Having selected the Octopus Newsroom system in the fall of 2017, and with Logic Media Solutions GmbH (LOGIC) as the primary integration partner, WELT successfully switched to Octopus in March 2019. The length of time from design to implementation was a testimony to WELT and the integration team of the depth and breadth that an enterprise system can bring in terms of major efficiencies to an organisation. It is a demonstration of what can be done when business needs and technology integrations are thoroughly understood and tightly coupled. WELT (formerly N24) is Germany’s leading television news channel. It also produces the main news shows for the three major broadcasters ProSieben, SAT.1 and KABEL EINS.

Before implementing Octopus, WELT was using a system from Norcom that no longer was state-of-the-art and had gone out of support. Based out of their Berlin office, WELT needed a new system that was quick and reliable, with the ability to customise modules to accommodate specific business needs. They also required a long-term platform to aid future growth and technological innovation.

The Octopus NRCS has evolved over many years in collaboration with many global broadcasters to address specific shortcomings and challenges of news production. A fundamental part of its design has been its collaborative features, including remote working functionality to allowing journalists and newsroom staff to operate more efficiently. The Octopus mission has always been to set the standard in performance and new feature functionality. One example of this at WELT has been the ability to display long and sophisticated rundowns as part of its news workflows. The new system also allows content overviews for four broadcasters at the same time.

In addition to its rich core functionality, Octopus also has an open API that allows customisations for additional workflows that are specific to a customer’s unique needs.
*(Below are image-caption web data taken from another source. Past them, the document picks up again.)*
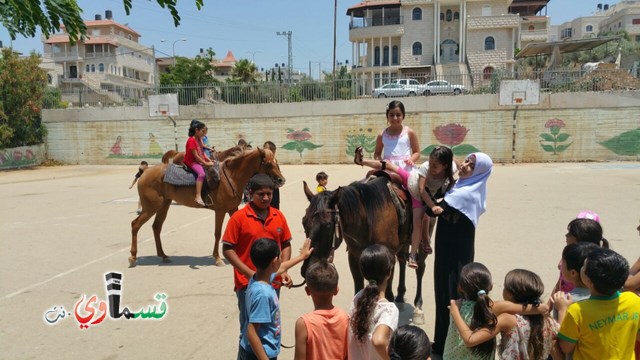 كفرقاسم - فيديو  : تعليم هواية ركوب الخيل في مدرسة جنة ابن رشد في اليوم الرابع لصيف الصادقة 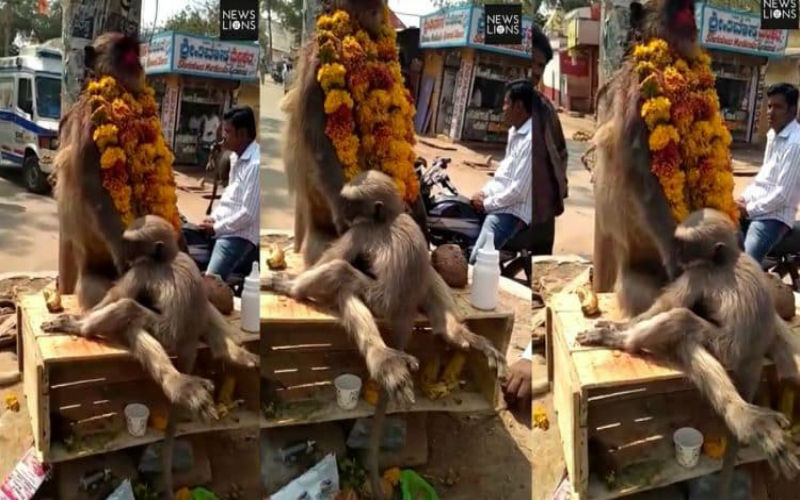 مشهد مؤثر لقرد يحتضن جثة أمه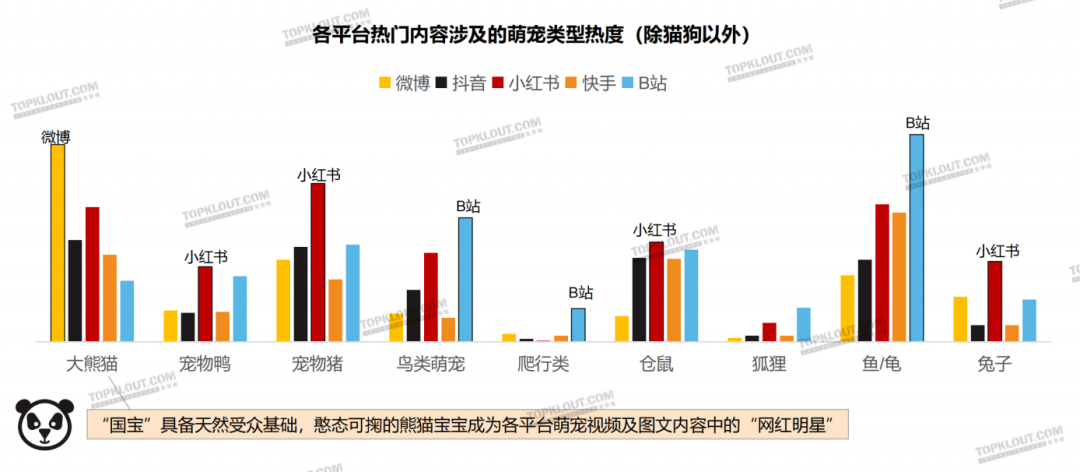 广告人干货库 养“娃”囤粮,年轻人的“萌宠依赖”创造营销新空间|年轻人生活消费观察系列-广告人干货库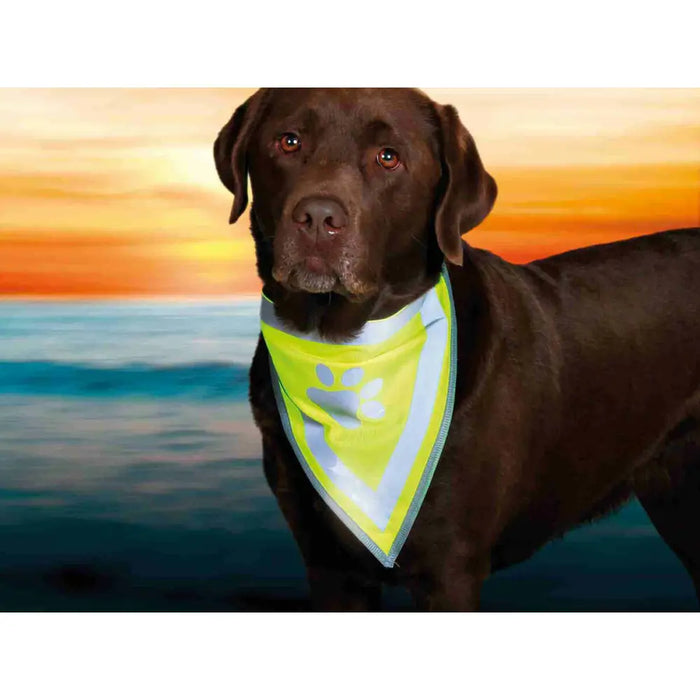 Bandana Trixie - Домашни Животни<<<Дом Градина<<<BigBuy&&&Пътуване и разходки<<<Домашни Животни<<<Дом Градина<<<BigBuy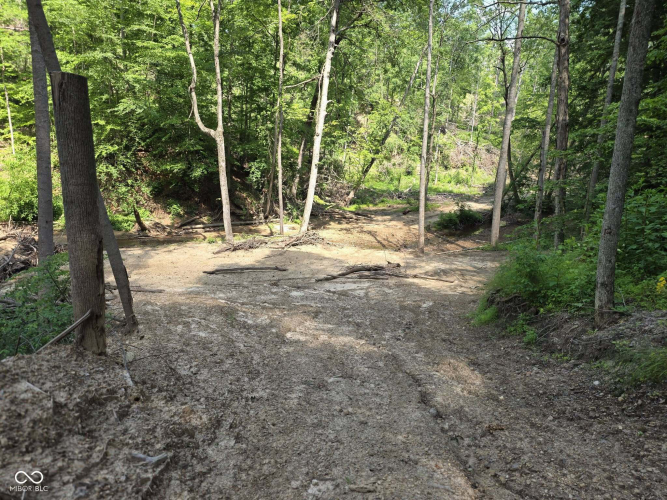 Listing Image 55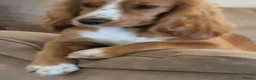 Cockapoo dogs for sale: PREGNANCY CONFIRMED - F1 COCKAPOOS - Advert 4
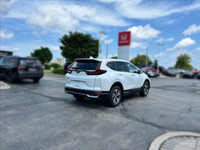 Come visit our Sterling Honda team, you can find us at 1495 Upper James Street, Hamilton, ON L9B 1K2... (image 4)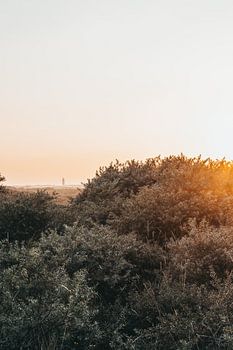 Der Leuchtturm von Ouddorp (vertikal)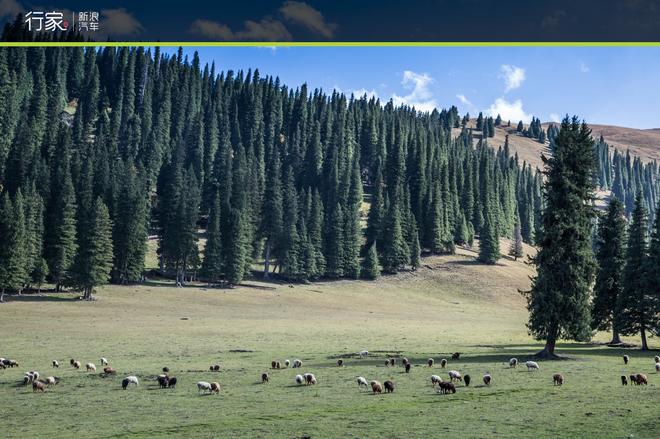 行家：重走丝绸之路 大美新疆自驾之旅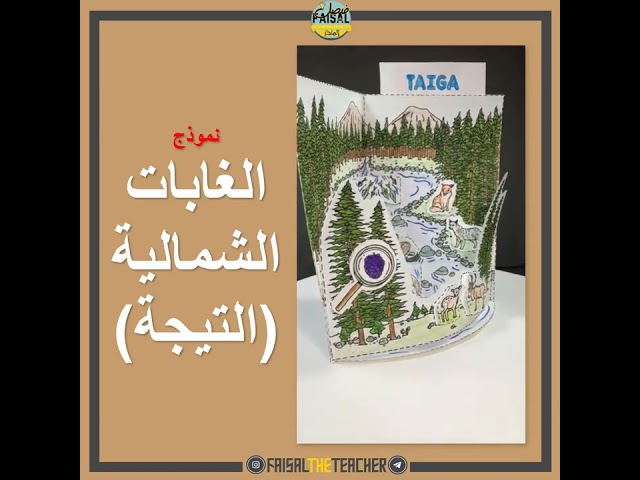 نموذج POP-UP لمنطقة الغابات الشمالية (التيجة)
Development can be provided by Octopus, their partners or can be used by a customer’s own development team. WELT benefited both from customised scripts provided by Octopus, and from own developed scripts, for different purposes, like migration of data or automating various tedious tasks.

From a technological perspective, WELT had a legacy of hardware that they wanted to reutilise within their new environment, which included years of historical news, media and metadata. All of which needed to be preserved. As part of the implementation, MAZ&MORE (home of SAT.1-Frühstücksfernsehen), a subsidiary to the WeltN24 company, had their own requirements that had to be included as part of the overall project, with their own separate system.

LOGIC is a German system architect and distributor with over 20 years of installing professional broadcast and telecommunications technology. They played a pivotal role in designing, implementing and testing of the newly implemented newsroom system for both WELT and MAZ&MORE.

Thomas Heyer from LOGIC comments “As usual, customers start a project with a defined set of requirements, but during the implementation period, a whole new world of opportunities is presented which they never knew existed. And then there is a hunger for more. The performance of the whole Octopus Team was outstanding. We were able to realise nearly all additional requirements which came up during this project. Octopus is an incredible and versatile system that evolved even during the implementation phase.

By going live with the Octopus Newsroom computer system, WELT was able to improve efficiency. In the past, WELT was restricted by a system that was slow and lacked specific features, but now they have an environment that is responsive across the entire ecosystem.

In a world that is rapidly evolving, not just in terms of technology, but also news delivery, Octopus has been a major step-up system. Octopus prepares customers for future trends and shifts, offering an excellent base to stay ahead in the future while also providing a customised platform for the present. This flexibility truly empowers newsrooms to move at their own pace.